***** DATA FOR THIS TASK *****

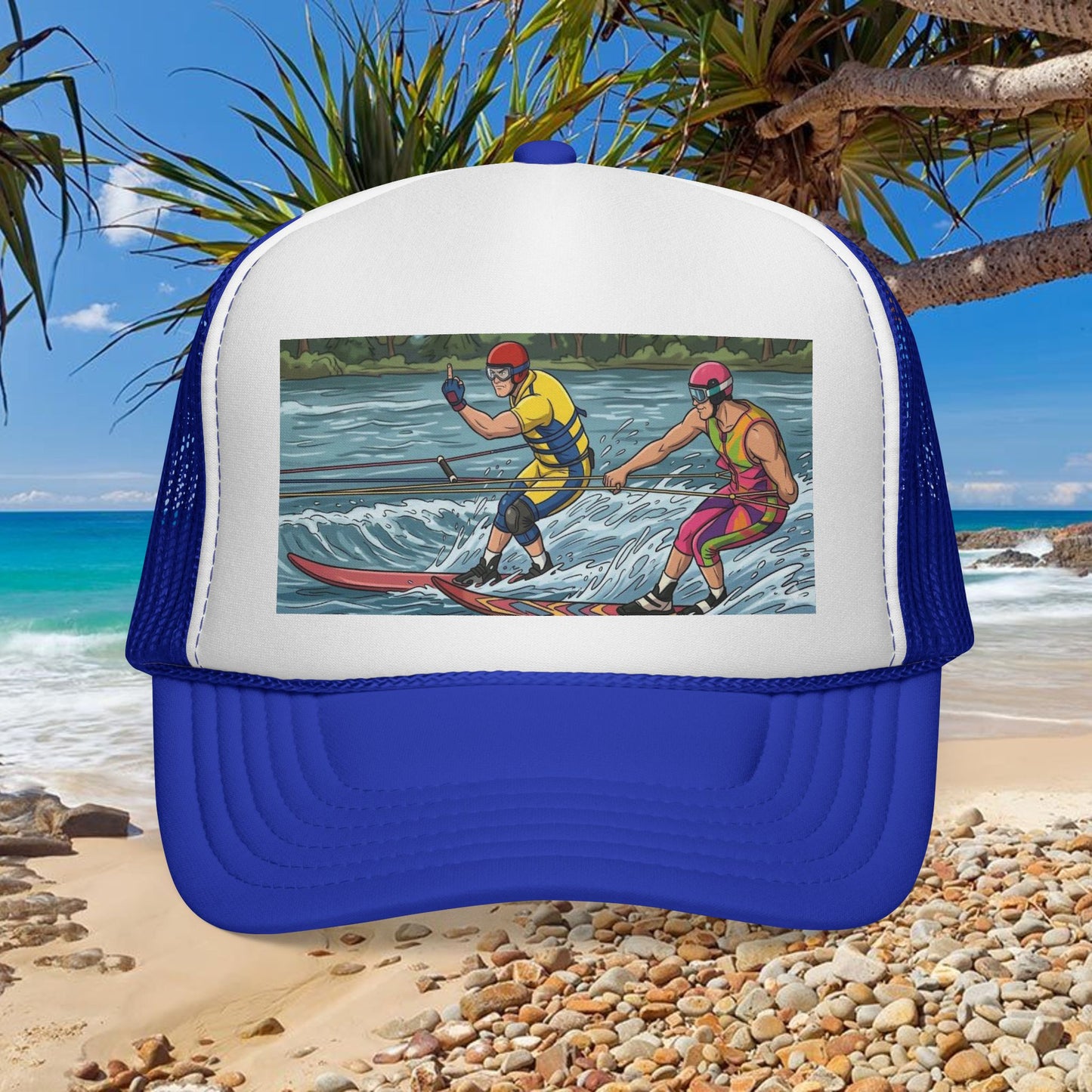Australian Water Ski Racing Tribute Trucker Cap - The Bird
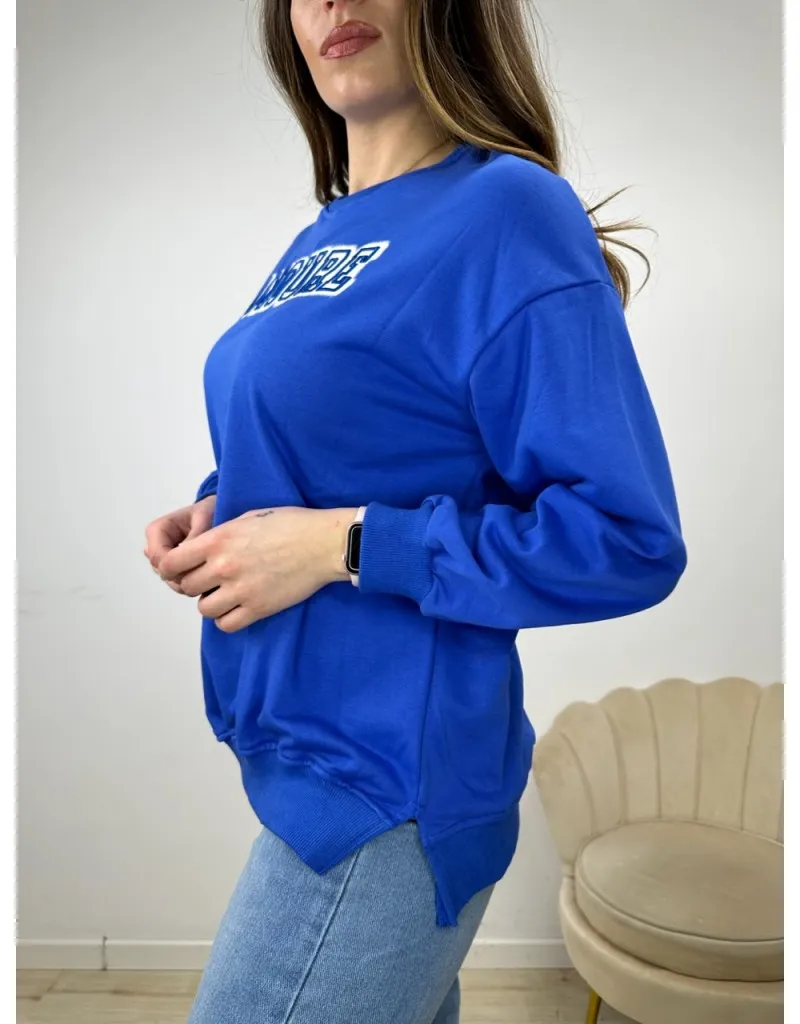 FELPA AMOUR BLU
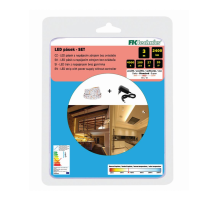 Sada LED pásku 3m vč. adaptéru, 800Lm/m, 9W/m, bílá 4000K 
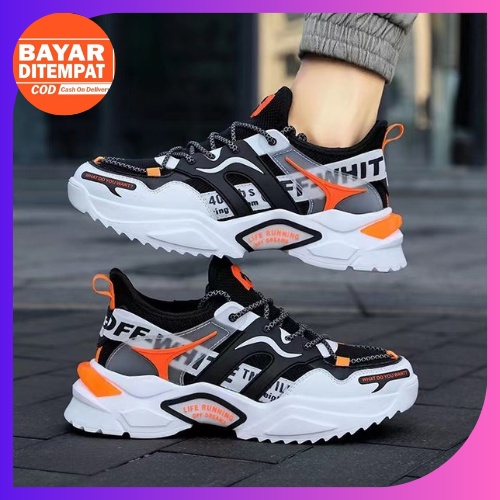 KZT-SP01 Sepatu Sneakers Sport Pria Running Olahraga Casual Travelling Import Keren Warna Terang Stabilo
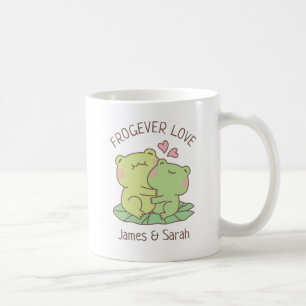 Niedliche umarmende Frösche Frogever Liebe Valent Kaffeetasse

*****

• _EXERCISE OBJECTIVE_
What is needed is an exact retyping of the lines from the start of the data through the line with "KZT-SP01 Sepatu Sneakers", with both end lines kept and every picture left out.

• _RESULT OF THE EXERCISE_
Australian Water Ski Racing Tribute Trucker Cap - The Bird
 FELPA AMOUR BLU
 Sada LED pásku 3m vč. adaptéru, 800Lm/m, 9W/m, bílá 4000K 
 KZT-SP01 Sepatu Sneakers Sport Pria Running Olahraga Casual Travelling Import Keren Warna Terang Stabilo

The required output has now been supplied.